:: Exercise ::
Once "listing listing" turns up in a line below, reproduce that line and those after it exactly, stopping after the line with "inagawa02.jpg (41.9 KiB) 閲覧された回数 7004 回 猪名川2"; leave pictures out.

:: Record extracts ::

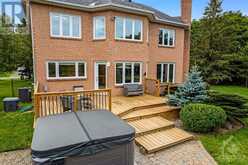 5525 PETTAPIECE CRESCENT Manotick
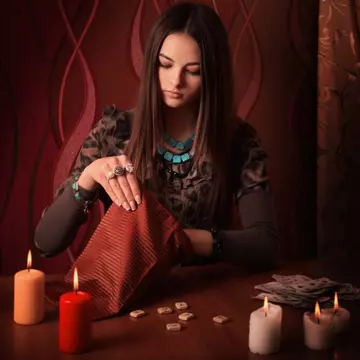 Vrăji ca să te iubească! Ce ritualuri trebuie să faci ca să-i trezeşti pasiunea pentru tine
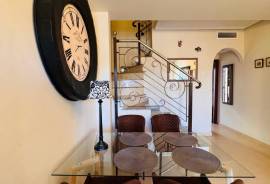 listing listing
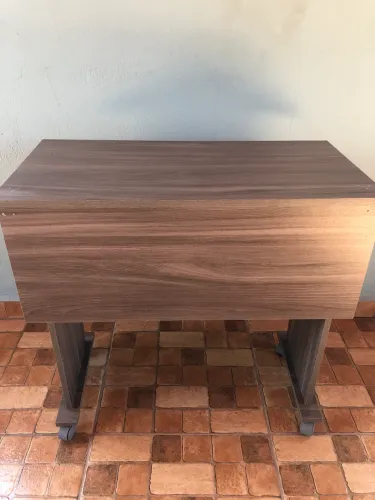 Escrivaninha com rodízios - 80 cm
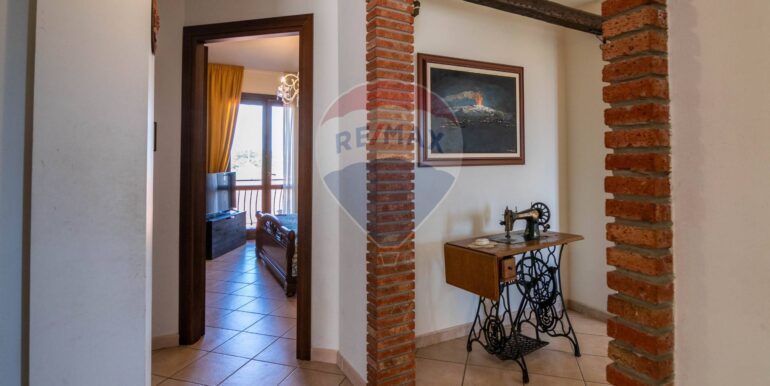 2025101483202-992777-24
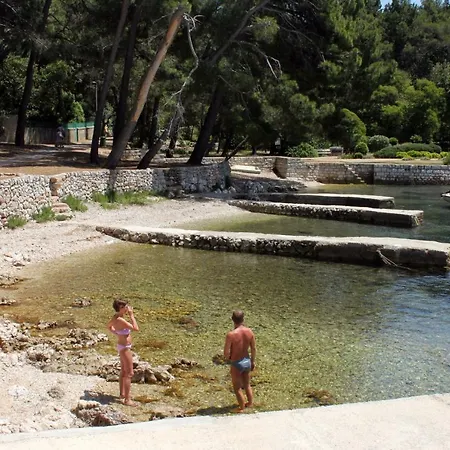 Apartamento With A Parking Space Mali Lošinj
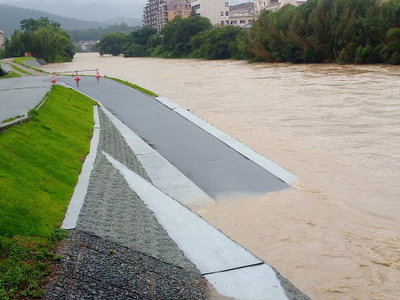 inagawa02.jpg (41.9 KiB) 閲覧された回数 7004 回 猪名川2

* * *

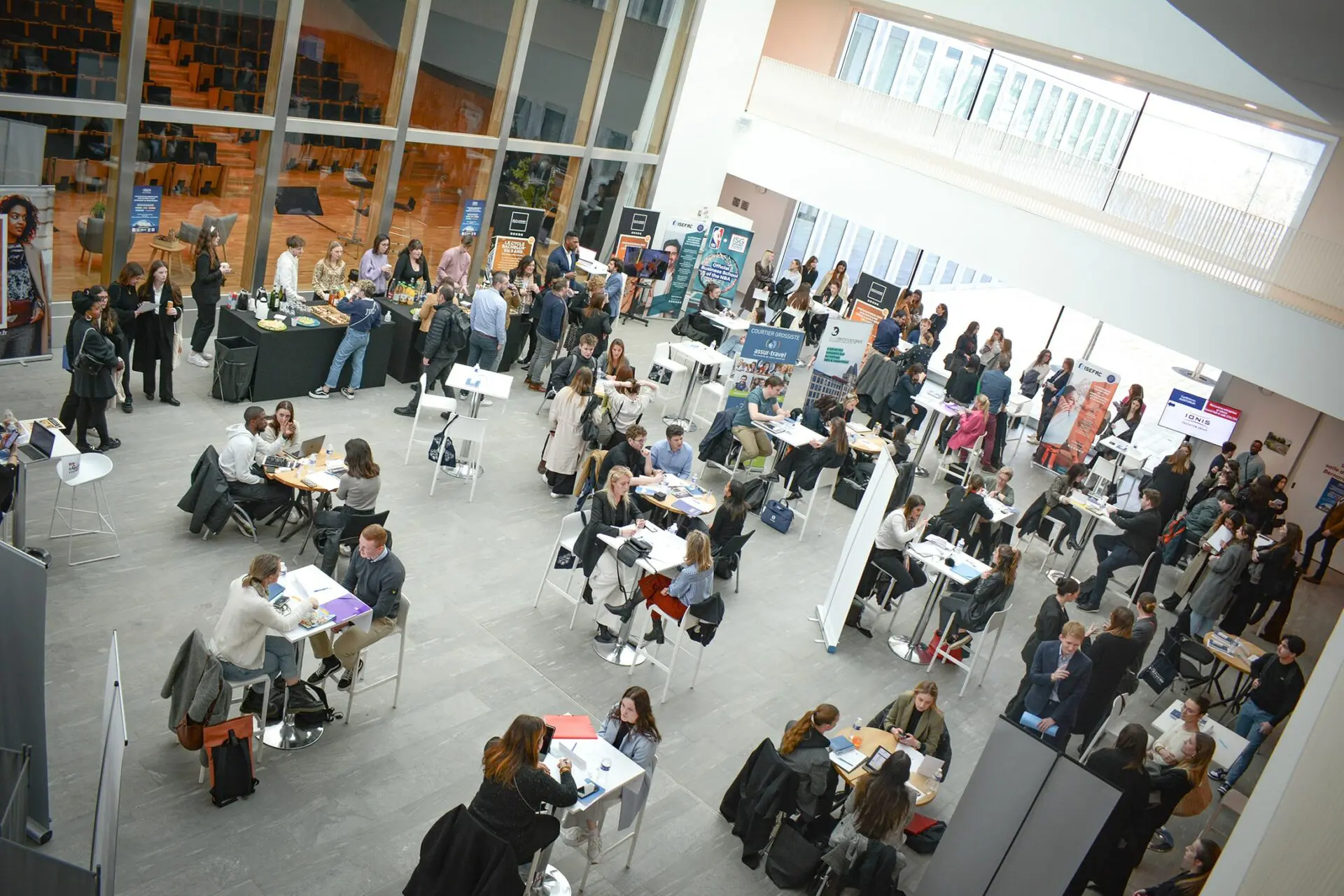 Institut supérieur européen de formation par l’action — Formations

:: Result for this task ::
 listing listing
 Escrivaninha com rodízios - 80 cm
 2025101483202-992777-24
 Apartamento With A Parking Space Mali Lošinj
 inagawa02.jpg (41.9 KiB) 閲覧された回数 7004 回 猪名川2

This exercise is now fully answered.